Count each line below that has the word "Seeds" in it, and give only the total.

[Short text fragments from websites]

··········

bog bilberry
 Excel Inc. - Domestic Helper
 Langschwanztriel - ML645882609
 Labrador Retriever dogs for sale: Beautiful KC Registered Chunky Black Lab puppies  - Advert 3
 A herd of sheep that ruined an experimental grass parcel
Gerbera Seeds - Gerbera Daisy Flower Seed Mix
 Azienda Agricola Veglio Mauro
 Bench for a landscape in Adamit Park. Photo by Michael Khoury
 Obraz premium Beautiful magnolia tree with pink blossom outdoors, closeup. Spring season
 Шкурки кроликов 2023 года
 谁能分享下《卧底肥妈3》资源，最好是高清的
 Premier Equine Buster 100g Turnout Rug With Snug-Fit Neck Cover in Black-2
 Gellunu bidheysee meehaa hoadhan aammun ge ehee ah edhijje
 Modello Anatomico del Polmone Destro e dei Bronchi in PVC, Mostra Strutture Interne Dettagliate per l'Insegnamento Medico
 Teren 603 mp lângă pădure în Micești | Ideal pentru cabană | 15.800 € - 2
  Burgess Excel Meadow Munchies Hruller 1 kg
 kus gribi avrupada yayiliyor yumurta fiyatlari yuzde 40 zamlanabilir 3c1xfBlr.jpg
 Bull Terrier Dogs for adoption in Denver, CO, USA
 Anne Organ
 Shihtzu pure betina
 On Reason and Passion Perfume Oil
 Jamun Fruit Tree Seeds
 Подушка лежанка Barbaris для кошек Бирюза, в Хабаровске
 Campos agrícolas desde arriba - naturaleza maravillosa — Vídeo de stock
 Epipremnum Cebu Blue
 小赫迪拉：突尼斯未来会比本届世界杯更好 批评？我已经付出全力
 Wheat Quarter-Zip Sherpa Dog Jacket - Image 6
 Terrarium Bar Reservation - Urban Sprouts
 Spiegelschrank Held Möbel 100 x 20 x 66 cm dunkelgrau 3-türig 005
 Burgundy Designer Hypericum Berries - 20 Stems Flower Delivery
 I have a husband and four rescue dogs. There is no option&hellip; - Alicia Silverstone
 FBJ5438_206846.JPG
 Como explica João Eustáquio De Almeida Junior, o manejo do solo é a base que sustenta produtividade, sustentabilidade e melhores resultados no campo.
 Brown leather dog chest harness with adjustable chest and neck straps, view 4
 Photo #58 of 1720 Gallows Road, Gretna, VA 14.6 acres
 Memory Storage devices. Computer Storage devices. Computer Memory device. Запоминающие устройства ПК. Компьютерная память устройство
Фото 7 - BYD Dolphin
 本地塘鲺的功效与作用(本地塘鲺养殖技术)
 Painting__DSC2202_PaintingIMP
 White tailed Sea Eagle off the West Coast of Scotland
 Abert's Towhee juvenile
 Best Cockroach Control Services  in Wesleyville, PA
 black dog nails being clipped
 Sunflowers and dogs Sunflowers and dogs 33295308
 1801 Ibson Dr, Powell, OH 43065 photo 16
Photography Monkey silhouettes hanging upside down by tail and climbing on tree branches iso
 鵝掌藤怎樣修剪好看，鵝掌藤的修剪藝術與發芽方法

··········

Solution for this task:
2